Although painters such as Sobha Singh, best known for his Sikh religious paintings, and BC Sanyal moved here permanently besides Gurcharan Singh, most of the other artists, including painters Paramjeet Singh, Ram Kumar and many others, would come only during summers. Theatre and other cultural performances were never a year-long affair.

“Therefore, it is just a media manufactured myth that artists have been living here forever. In the past 20 years, only we have been working consistently in this place. Of course, there exists the Sobha Singh Art Gallery and Norah Richards Home, which witnesses some visitors,” says Singh.

From where we are standing, the snow-capped Dhauladhar ranges embrace the Norah Centre for Arts. Although conceived to serve as a residency for artists, it never took off owing to poor maintenance and lack of basic amenities such as regular water supply and electricity.

“A few artists did visit, but they had a horrifying time. There was no one who they could approach if they had a problem. Many of them would come to my palace in the evenings.”

Blaming the Woodland Society, which was entrusted by Richards to give permissions to artists for construction, the potter says that unless the society gets its act together, most artists would shy away from settling here.

“They have this strange rule that the property can be passed on by the artist only to the spouse and not their children. This keeps many creative people away. Moreover, a society for promotion of arts has to be pro-active and meet more than once a year.”

As dark clouds cast a shadow over the sun, Singh looks at one of the crumbling mud houses. He says that Richard hated concrete and wanted only houses made of mud for artists. “Such houses are very delicate, not for they are made of mud. But because they can get lonely.”

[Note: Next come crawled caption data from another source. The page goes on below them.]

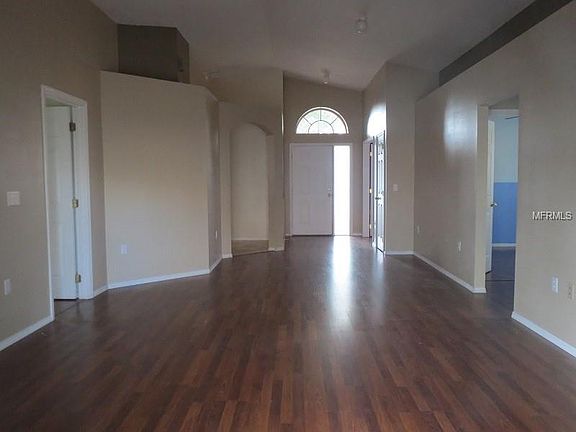 3rd image of 11209 Pinewood Cove Ln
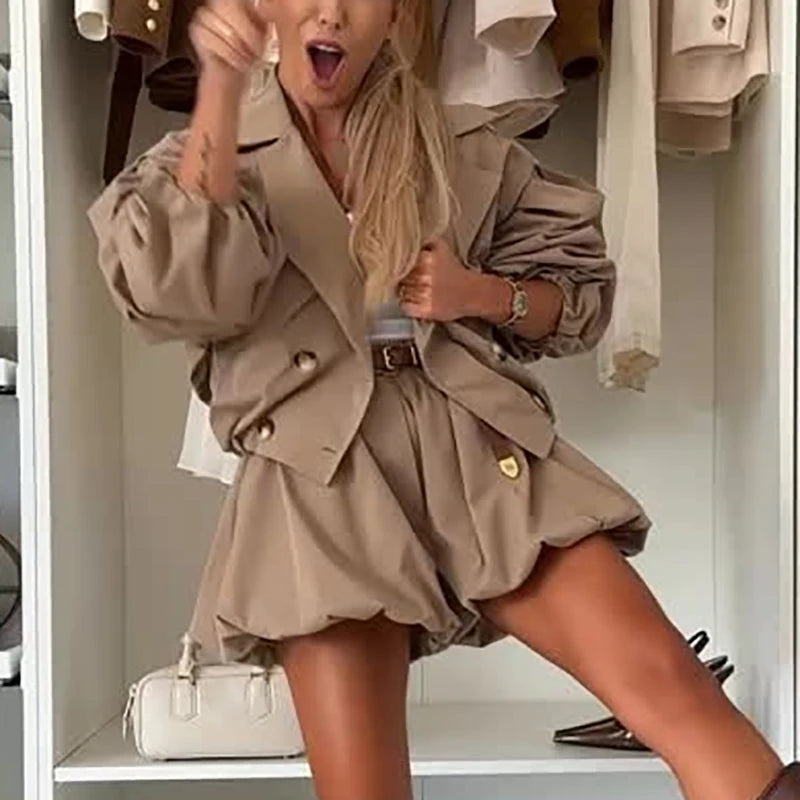 Oversized Blazer & Paperbag Shorts Set – Double-Breasted, Relaxed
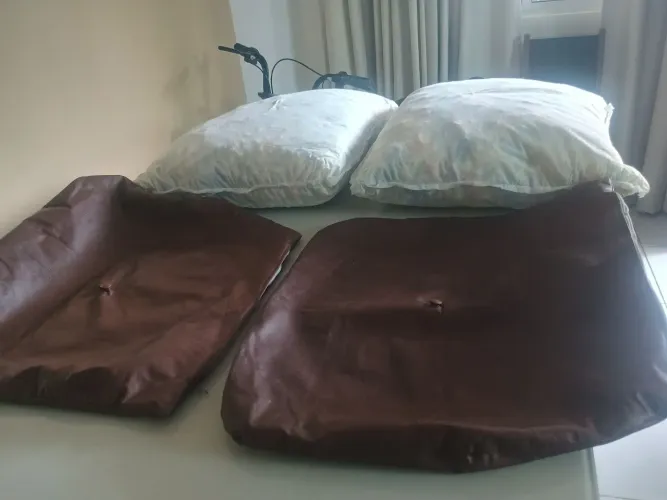 Almofadas grande em corino são as duas 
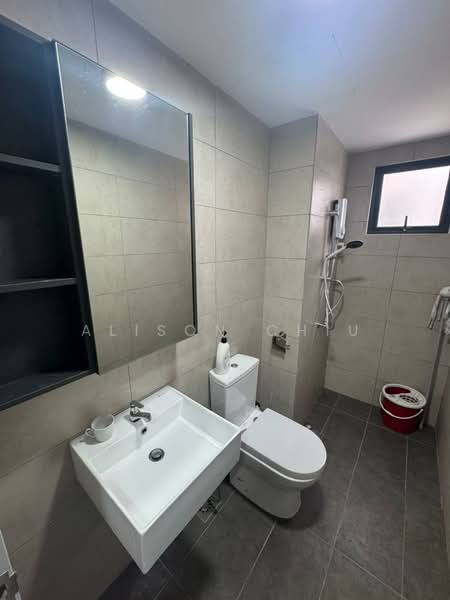 Servis Apartment untuk Disewa di M Luna - Alison Chiu - Bathroom - PropertyGuru.com.my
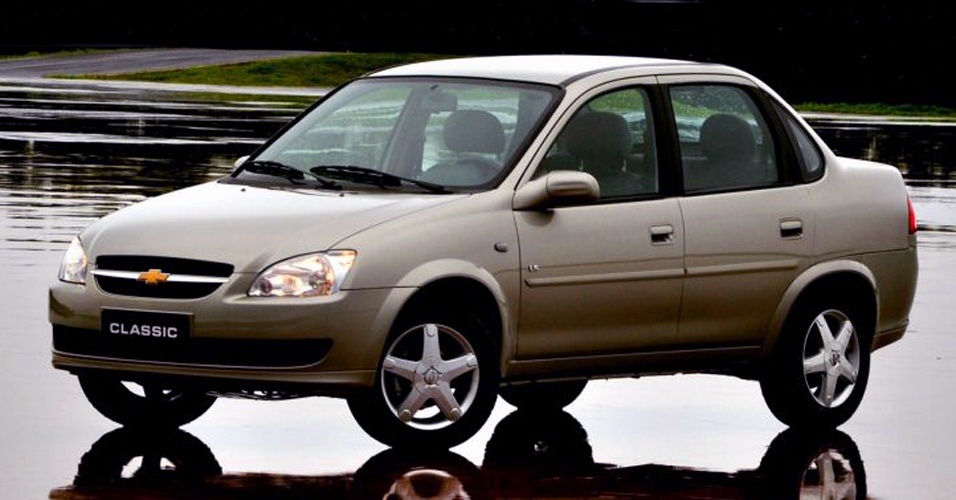 Chevrolet Classic/Corsa sedã: 31.052 unidades. Com redução, parte de R$ 25.404. Dados fechados da Fenabrave de maio à primeira quinzena de agosto de 2012 - Divulgação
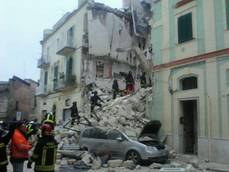 Crolla palazzina in centro Matera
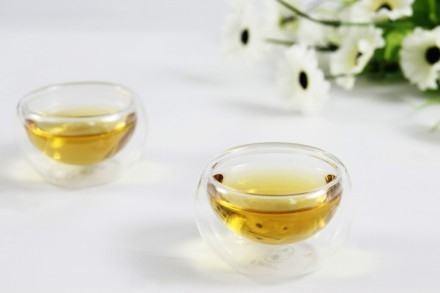 Dahongpao Çayı, Feibai Anji beyaz çayının büyüsünü deneyimleyin. Fujian'dan küçük kaplı çay.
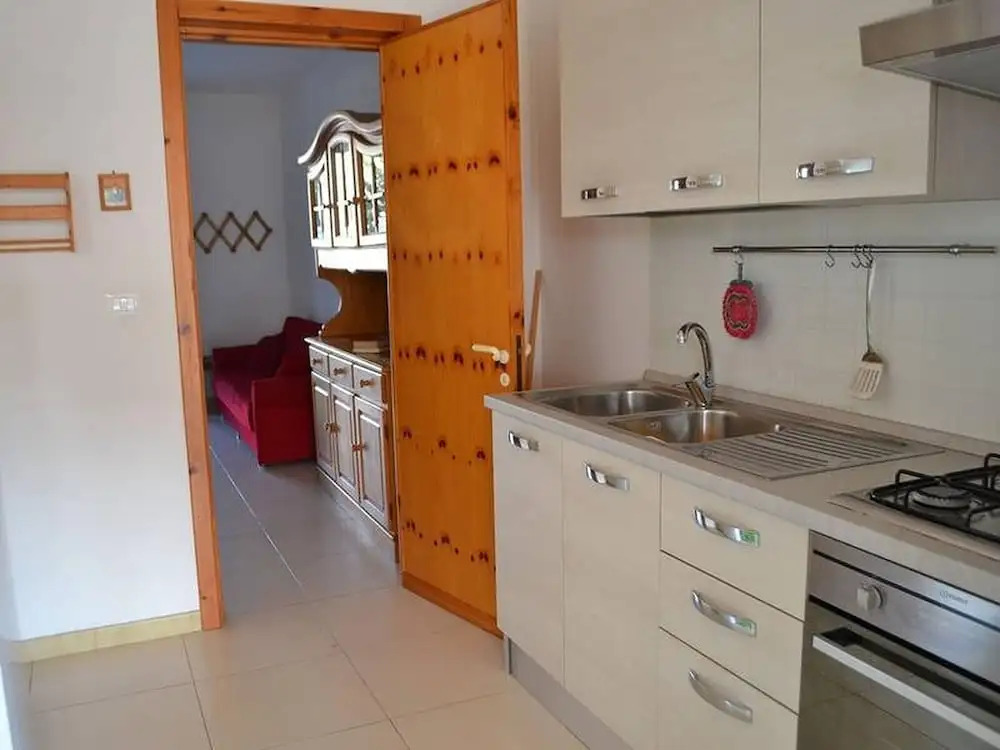 Cosy Apartment Near The Beach With Patio Balcony Pets Allowed Parking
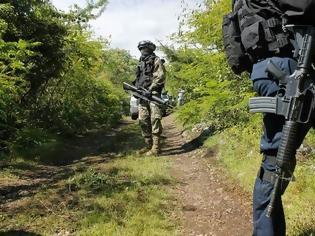 Φωτογραφία για Φρίκη: Βρέθηκαν 10 αποκεφαλισμένα πτώματα και 11 κεφάλια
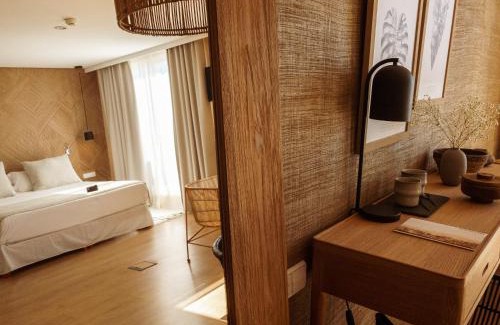 Manacor Hotel | ICON Valparaiso - Adults Only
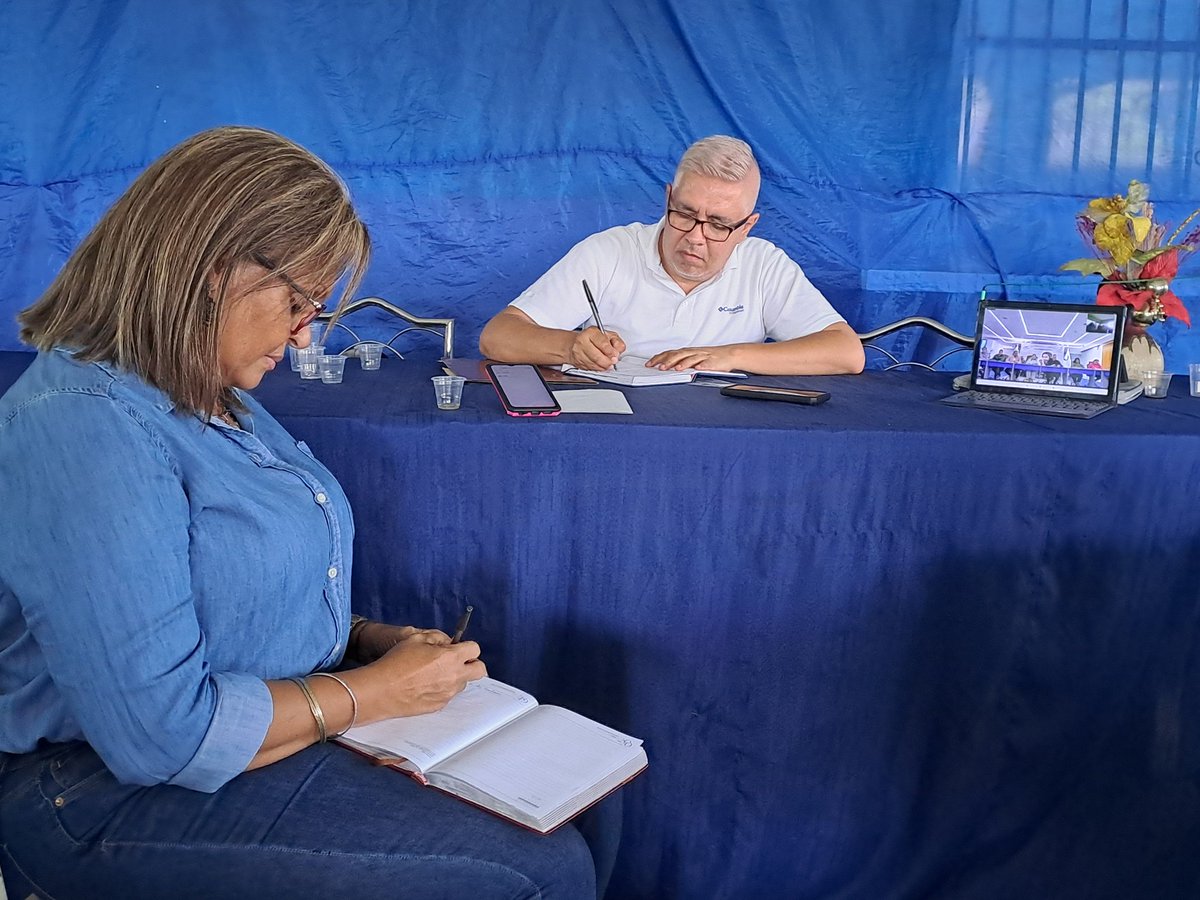 Junto a los Directores/as de los CDCE Municipales participamos en videoconferencia con la Min.  del @MPPEDUCACION <a href="/_LaAvanzadora/">Yelitze Santaella</a> recibiendo orientaciones para el día del maestro. 
#VenezuelaAvanzaEnPaz 
<a href="/NicolasMaduro/">Nicolás Maduro</a> 
<a href="/Soykarinacarpio/">Karina Carpio</a> 
<a href="/CDCEAragua/">CDCE ARAGUA</a>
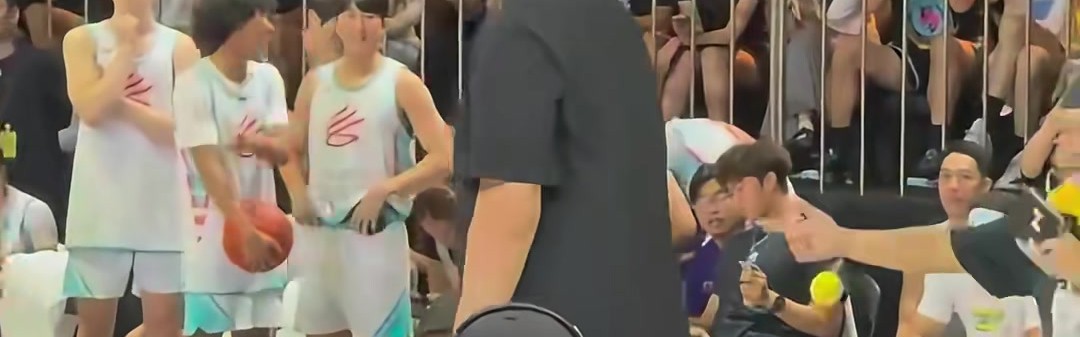 库里微笑快步上前 向姚明致意展现高度尊重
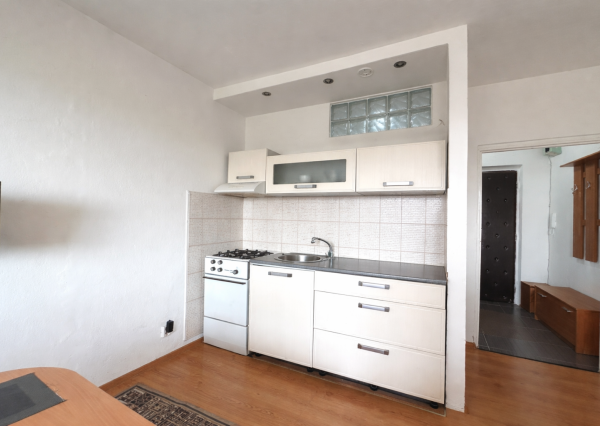 PREDAJ - Slnečný 1 izbový byt s loggiou, Malohontská ulica, Rimavská Sobota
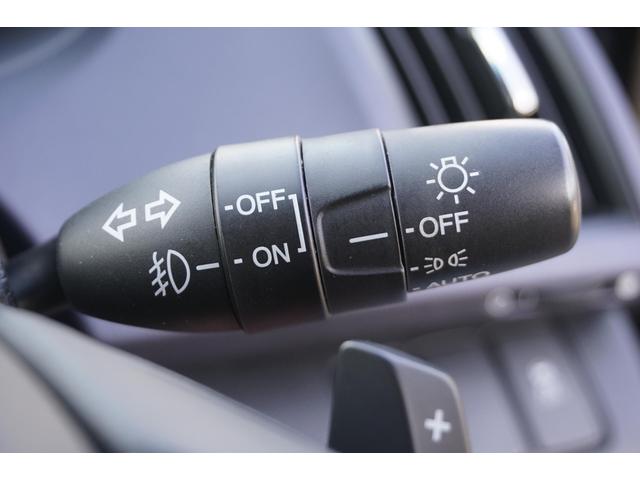 オデッセイ アブソルート　１年保証付　純正ＨＤＤナビ　ワンセグＴＶ　バックカメラ　ＥＴＣ　フリップダウンモニター　ＨＩＤヘッドライト　オートライト　ＣＤ・ＤＶＤ再生　スマートキー　クルーズコントロール　ステアリングスイッチ（22枚目）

On the way back, this internationally well-known couple is asked about the fate of the studio and museum when they are gone. And also the fate of Andretta pottery.

“We both have two children each from our first marriages. All of them are in England. No one is interested in pottery. In our will, the family of Shubham Sankhian (20), who left his degree in aeronautical engineering after completing a year learning pottery and is still with us, will carry on the tradition, if they want to.”

It has started raining now. Pouring. Does it ever get lonely up here?

“No, we look at the pots,” Mansimran Singh whispers. Mary Singh smiles at him.